Logan, 42, is part of a new generation of urban, blue-collar environmentalists. The son of a janitor and the youngest of five children, he dropped out of school in 10th grade and went to work as a maintenance mechanic in an aerospace factory.

Now he is executive director of East Yard Communities for Environmental Justice, with a paid staff of four and 200 members who join for $5 a year. They recruit door-to-door in Commerce, Bell Gardens, Montebello and East Los Angeles, where more than three-quarters of residents are working-class Latinos.

East Yard operates from a storefront on Commerce's Atlantic Avenue, a street lined with cheap motels and fast-food joints.
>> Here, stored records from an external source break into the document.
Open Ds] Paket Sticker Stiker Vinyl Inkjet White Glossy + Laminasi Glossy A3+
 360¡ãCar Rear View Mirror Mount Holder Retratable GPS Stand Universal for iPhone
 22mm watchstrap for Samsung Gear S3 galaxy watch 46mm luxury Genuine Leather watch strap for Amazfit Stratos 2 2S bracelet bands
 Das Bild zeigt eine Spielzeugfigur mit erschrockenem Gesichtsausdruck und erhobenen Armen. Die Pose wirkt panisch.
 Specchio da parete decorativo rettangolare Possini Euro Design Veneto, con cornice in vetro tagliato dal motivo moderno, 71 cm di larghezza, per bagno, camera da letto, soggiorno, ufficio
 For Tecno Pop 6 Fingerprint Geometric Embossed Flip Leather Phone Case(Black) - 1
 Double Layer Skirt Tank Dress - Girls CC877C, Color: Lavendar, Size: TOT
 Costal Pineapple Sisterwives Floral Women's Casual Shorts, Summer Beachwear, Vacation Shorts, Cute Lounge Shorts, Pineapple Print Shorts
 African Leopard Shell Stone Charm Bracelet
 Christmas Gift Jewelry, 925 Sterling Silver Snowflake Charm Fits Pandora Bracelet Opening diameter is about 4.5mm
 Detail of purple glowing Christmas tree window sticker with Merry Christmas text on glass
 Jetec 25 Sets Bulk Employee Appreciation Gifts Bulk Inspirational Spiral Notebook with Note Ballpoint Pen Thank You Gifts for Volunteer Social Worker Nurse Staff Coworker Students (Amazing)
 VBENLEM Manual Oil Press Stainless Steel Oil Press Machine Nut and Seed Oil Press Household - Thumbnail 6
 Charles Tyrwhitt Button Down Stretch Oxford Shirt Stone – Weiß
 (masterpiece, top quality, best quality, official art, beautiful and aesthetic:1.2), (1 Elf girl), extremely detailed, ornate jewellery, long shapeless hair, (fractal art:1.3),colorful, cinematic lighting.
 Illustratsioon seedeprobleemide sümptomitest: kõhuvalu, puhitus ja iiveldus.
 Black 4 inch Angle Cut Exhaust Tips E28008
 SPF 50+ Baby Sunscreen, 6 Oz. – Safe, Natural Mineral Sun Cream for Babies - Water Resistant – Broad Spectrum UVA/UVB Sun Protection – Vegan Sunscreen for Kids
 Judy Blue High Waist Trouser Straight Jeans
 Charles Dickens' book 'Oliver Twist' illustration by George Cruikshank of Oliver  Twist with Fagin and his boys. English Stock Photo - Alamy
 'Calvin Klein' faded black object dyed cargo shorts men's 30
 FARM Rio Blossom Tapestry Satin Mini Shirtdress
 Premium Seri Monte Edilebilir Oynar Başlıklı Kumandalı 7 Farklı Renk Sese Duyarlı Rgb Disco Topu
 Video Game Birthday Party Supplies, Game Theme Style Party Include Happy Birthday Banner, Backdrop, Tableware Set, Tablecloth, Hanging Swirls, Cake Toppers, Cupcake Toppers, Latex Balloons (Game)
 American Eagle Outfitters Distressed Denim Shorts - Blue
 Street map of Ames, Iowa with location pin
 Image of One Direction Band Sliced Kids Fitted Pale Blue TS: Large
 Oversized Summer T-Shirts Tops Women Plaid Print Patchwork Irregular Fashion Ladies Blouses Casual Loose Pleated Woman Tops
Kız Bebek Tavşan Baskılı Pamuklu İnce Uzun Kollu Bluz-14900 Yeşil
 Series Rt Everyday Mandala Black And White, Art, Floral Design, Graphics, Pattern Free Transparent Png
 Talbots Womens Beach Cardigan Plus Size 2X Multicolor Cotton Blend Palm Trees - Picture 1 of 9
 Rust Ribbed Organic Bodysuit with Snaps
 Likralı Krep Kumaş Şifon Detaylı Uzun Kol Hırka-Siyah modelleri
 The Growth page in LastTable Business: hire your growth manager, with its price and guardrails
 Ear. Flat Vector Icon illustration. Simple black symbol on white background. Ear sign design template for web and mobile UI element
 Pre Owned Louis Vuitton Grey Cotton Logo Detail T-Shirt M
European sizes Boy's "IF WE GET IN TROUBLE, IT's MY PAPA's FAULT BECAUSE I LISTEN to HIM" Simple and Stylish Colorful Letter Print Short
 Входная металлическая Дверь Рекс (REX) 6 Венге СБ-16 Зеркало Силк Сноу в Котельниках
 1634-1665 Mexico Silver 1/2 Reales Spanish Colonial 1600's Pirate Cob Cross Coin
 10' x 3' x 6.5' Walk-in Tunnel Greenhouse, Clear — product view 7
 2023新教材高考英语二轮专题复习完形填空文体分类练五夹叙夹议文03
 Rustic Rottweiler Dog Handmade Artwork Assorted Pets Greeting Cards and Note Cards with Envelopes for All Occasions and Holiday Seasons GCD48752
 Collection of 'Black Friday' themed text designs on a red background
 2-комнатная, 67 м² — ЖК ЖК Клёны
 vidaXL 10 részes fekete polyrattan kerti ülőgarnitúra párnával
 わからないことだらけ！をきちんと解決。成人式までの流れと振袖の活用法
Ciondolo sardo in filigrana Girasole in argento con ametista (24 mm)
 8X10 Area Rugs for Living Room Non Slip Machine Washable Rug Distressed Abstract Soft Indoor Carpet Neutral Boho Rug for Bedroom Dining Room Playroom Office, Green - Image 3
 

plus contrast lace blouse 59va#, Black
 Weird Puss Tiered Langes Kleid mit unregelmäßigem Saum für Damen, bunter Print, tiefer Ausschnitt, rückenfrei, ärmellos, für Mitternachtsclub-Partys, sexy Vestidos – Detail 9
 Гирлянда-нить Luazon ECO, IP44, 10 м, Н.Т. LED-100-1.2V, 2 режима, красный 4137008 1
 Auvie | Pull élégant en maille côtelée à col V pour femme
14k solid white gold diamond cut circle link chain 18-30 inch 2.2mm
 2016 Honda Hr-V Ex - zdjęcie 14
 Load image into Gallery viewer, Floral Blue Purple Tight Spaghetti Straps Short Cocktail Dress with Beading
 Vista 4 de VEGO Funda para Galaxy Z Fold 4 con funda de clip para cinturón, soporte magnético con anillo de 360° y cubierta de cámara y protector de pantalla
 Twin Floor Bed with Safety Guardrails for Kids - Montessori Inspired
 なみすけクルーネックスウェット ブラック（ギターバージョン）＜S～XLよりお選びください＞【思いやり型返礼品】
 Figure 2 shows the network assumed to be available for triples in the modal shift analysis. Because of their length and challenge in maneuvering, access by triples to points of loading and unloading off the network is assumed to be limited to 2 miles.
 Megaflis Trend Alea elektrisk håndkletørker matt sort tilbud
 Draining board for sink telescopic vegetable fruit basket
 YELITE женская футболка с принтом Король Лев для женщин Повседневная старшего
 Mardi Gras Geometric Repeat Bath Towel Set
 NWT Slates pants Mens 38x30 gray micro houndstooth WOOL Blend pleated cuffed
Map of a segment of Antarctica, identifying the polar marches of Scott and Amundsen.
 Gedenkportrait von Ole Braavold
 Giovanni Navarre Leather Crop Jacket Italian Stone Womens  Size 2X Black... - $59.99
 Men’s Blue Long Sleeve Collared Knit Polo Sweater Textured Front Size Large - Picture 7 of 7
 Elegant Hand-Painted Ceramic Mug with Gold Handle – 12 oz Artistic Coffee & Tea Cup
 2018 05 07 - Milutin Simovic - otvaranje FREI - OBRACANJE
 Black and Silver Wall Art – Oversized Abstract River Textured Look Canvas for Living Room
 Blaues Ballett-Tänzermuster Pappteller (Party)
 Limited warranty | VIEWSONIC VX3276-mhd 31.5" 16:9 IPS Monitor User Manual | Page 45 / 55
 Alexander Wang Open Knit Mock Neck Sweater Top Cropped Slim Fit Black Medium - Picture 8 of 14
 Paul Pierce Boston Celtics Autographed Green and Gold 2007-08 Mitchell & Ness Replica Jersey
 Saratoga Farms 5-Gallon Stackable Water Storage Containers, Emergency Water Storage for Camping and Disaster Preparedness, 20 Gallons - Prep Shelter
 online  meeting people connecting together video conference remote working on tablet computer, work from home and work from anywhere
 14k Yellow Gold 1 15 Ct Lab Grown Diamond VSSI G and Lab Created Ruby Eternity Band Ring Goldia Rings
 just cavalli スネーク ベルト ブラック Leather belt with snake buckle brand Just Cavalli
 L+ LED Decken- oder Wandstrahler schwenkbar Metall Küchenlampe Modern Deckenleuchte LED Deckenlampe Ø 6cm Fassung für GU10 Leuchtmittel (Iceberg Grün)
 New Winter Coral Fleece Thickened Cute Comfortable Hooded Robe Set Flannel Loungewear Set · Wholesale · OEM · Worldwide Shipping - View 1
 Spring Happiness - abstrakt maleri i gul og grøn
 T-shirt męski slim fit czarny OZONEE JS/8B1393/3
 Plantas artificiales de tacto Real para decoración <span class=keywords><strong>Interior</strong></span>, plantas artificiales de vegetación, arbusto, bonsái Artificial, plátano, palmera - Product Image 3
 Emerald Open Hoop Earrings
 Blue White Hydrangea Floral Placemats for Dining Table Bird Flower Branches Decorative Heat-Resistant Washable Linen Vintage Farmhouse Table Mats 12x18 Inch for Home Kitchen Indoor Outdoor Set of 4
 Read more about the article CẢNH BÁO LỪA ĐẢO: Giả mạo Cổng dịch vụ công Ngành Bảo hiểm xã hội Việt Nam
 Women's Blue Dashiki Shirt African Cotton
It has no celebrities on its board, no publicity staff churning out press releases, no in-house attorneys to go toe-to-toe with $500-an-hour corporate law firms.

But in California, where Latinos, African Americans and Asians now collectively outnumber non-Hispanic whites, political power is shifting. Here especially, but also across the country, mainstream foundations, which had long supported environmental groups led by white lawyers and policy wonks, have begun to channel grants to community organizations run by Latinos and blacks who see clean air and water as civil rights.

In the Southland, these environmental justice activists, as they are called, wage war in the dense corridor that runs from the massive ports of Los Angeles and Long Beach through neighborhoods that line the 710 Freeway -- Wilmington, Carson, Compton, Huntington Park, Commerce-- and on through Riverside and San Bernardino counties, with their vast distribution warehouses.

"There are no buffer zones," said Gilbert Estrada, a teacher who co-founded the East Yard group with Logan. "We are the buffer zones."

Each year, pollution from ships, trucks and trains that move goods through the region contributes to an estimated 2,100 early deaths, 190,000 sick days for workers, and 360,000 school absences, according to the California Air Resources Board.

At a recent East Yard barbecue in Commerce's Bristow Park, hand-painted signs read "Salud Sí, Diesel No" -- Health Yes, Diesel No -- as a band played Mexican rancheras and trucks roared by on Interstate 5. Between a kids' finger-painting pavilion and a card table stacked with petitions, Logan, a soft-spoken man with a tidy beard, was working the hamburger line.